Mountain-Hill Repeater
Workout - Mountain-Hill Repeater
- 12min @ 6'00''/km
- 8 lots of:
- 1min @ 5'00''/km
- 1min rest
- 12min @ 6'30''/km
Intro
Seth James DeMoor’s “How to Run Faster: Run UP hills” is a solid watch. We’re distilling the key takeaways so you can try the workout right now. For the full picture, check out the complete video.
Key Points
- Why hills matter: they demand higher knee-drive, enhance ankle explosiveness, strengthen ankle elasticity, and deliver strong aerobic training without requiring the volume of a flat long run.
- Four core benefits: knee-drive, explosiveness, ankle strength, and aerobic capacity.
- Different hill-training approaches:
- Sustained climbing – e.g., 60 min of unbroken uphill at a hard-but-steady pace.
- Hill repeats – short, steep efforts (e.g., 8 × 1 min) followed by an easy jog down.
- Rolling terrain – undulating ground that mixes strength and speed work.
- Alternatives for flat areas – parking-garage climbs, treadmill inclines, or sand-dune sprints.
- Running form on hills: drive the knee higher, land on your mid-foot or toes, keep strides short, and use ankle snap with each step.
Workout Example
“Mountain-Hill Repeater” (any steep hill works):
- Warm-up 10 min at an easy pace on flat ground.
- Perform 8 × 1 min uphill at hard effort (≈90% max HR). Emphasize high knee-drive and explosive ankle push-off.

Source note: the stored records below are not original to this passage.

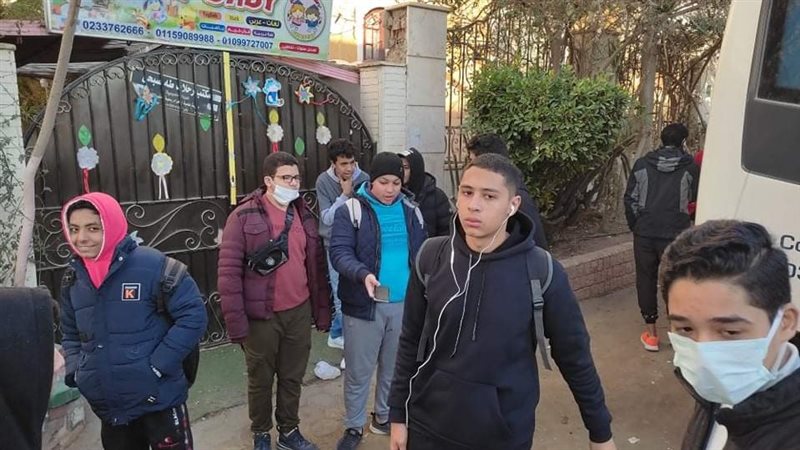 طلاب الشهادة الاعدادية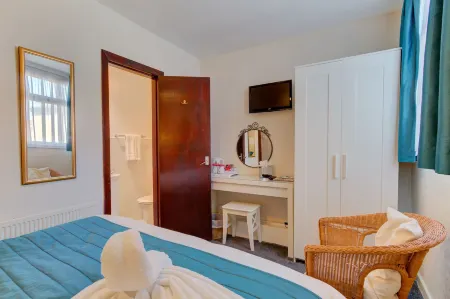 The Strathdon Отели рядом с достопримечательностью «Solaris Centre»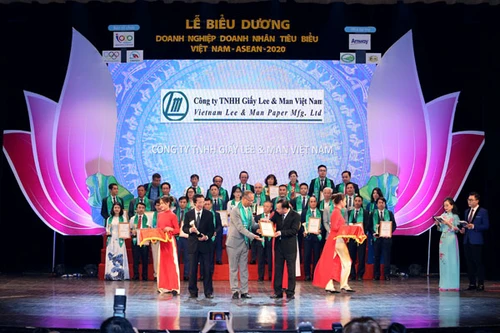 Công ty TNHH Giấy Lee & Man nhận giải thưởng "Doanh nghiệp tiêu biểu ASEAN"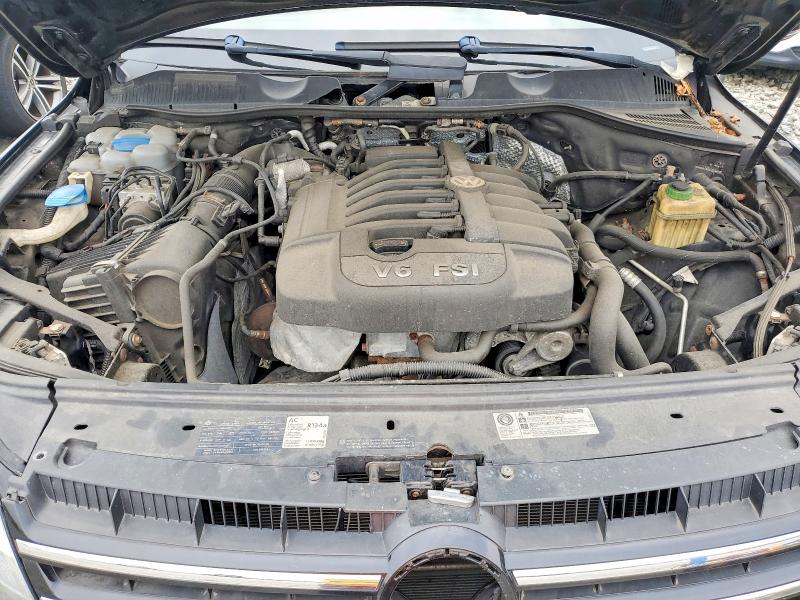 63851406 :رقم المزاد ، WVGFF9BP8BD001072 vin ، 2011 Volkswagen Touareg مزاد بيع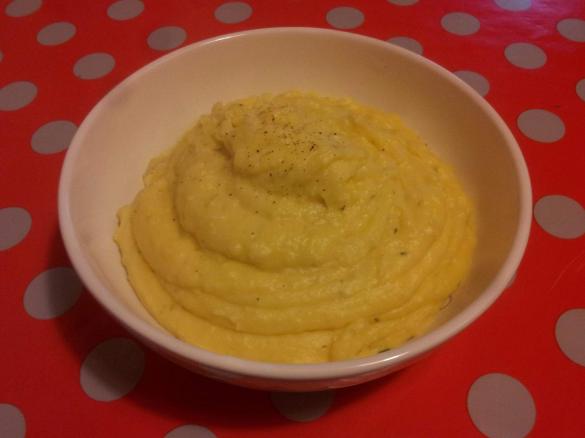 Purè allo zafferano ed erba cipollina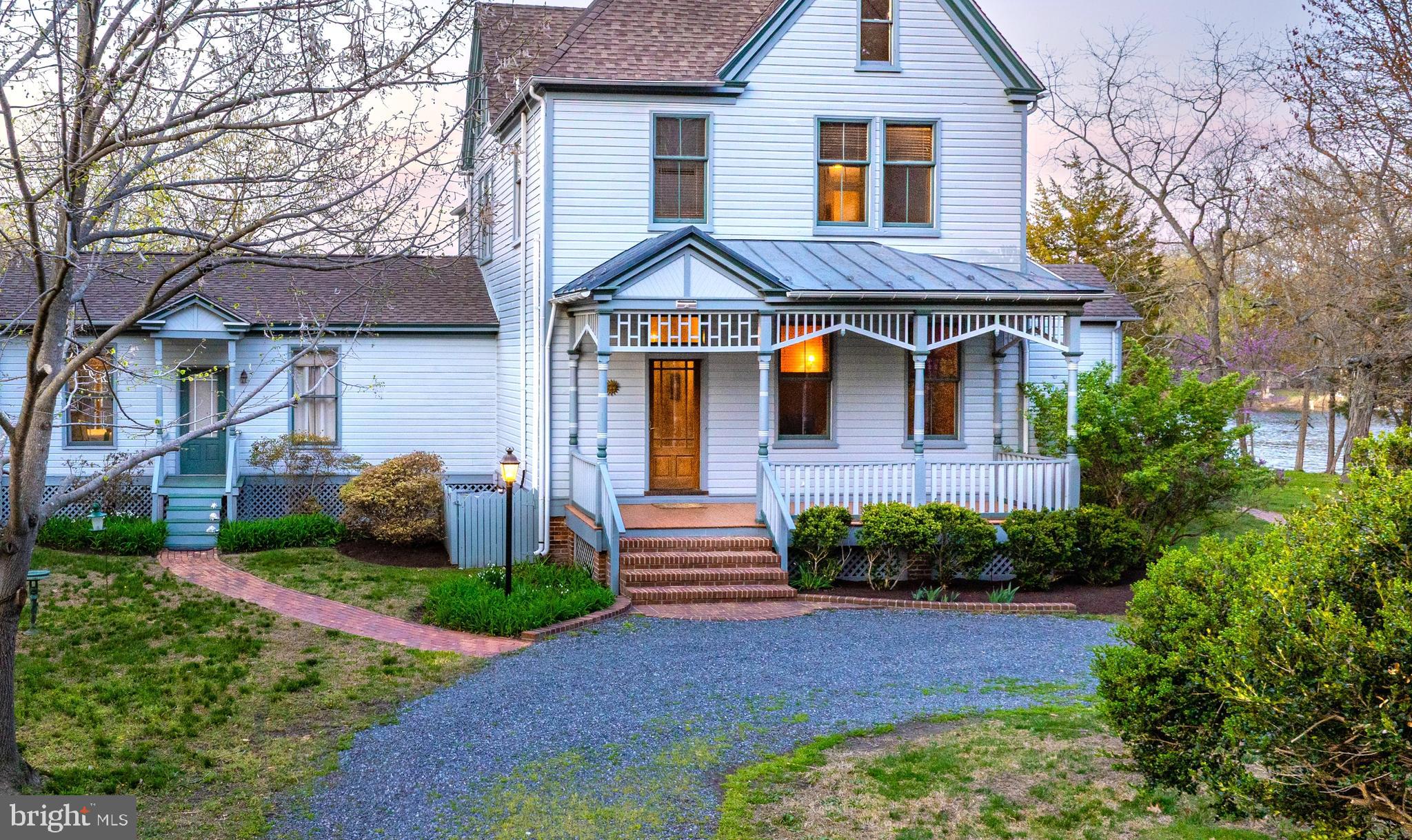 ROYAL OAK - Residential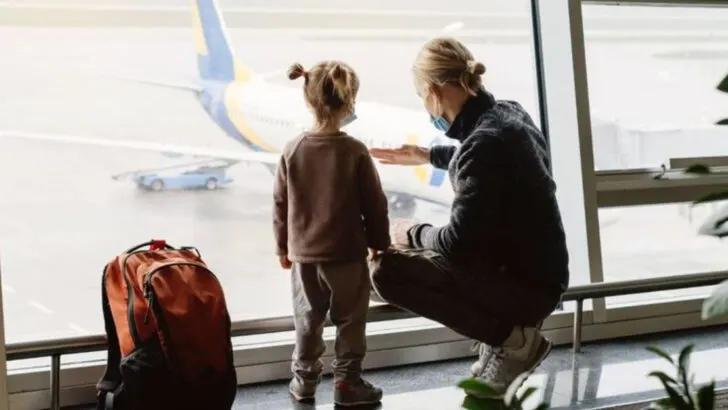 Simple Ways to Keep Kids Entertained on Long Flights and Road Trips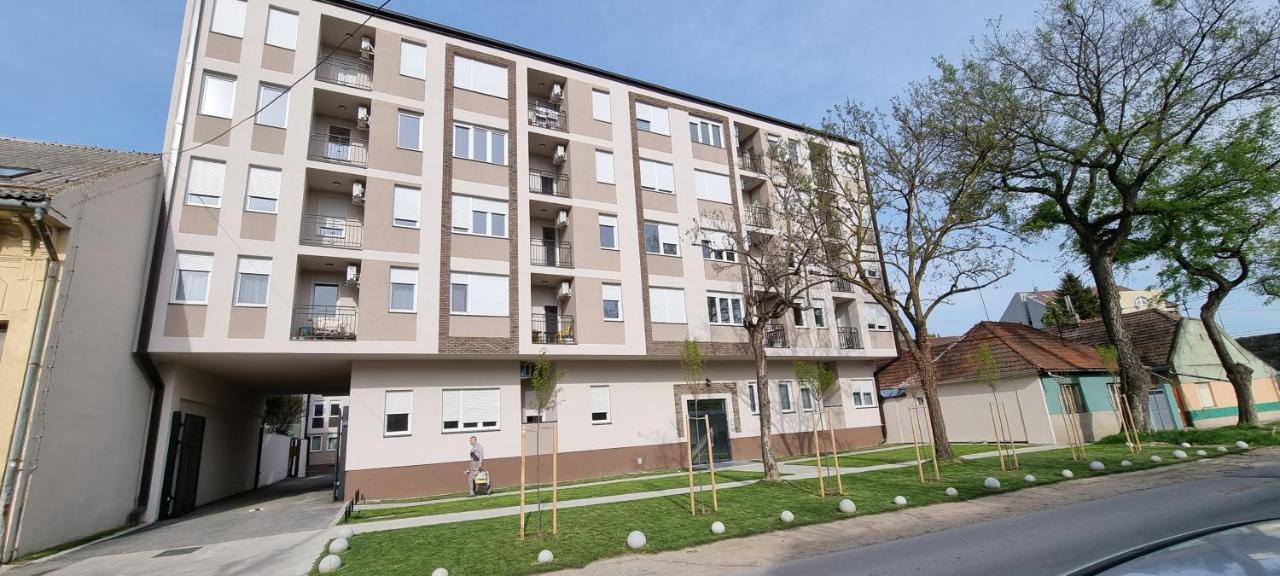 Apartman Visnja Subotica Bagian luar foto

- Recover with 1 min of easy jogging or walking downhill.
- Cool-down 10 min at an easy pace. Flat terrain? Treadmill at 8–10% incline works just as well for the 1-minute efforts.
Closing Note
Give these hill drills a shot and watch your pace improve. Adjust the repeats, duration, or incline in the Pacing app to match your fitness level – then observe how your legs become stronger, faster, and more efficient. Happy climbing!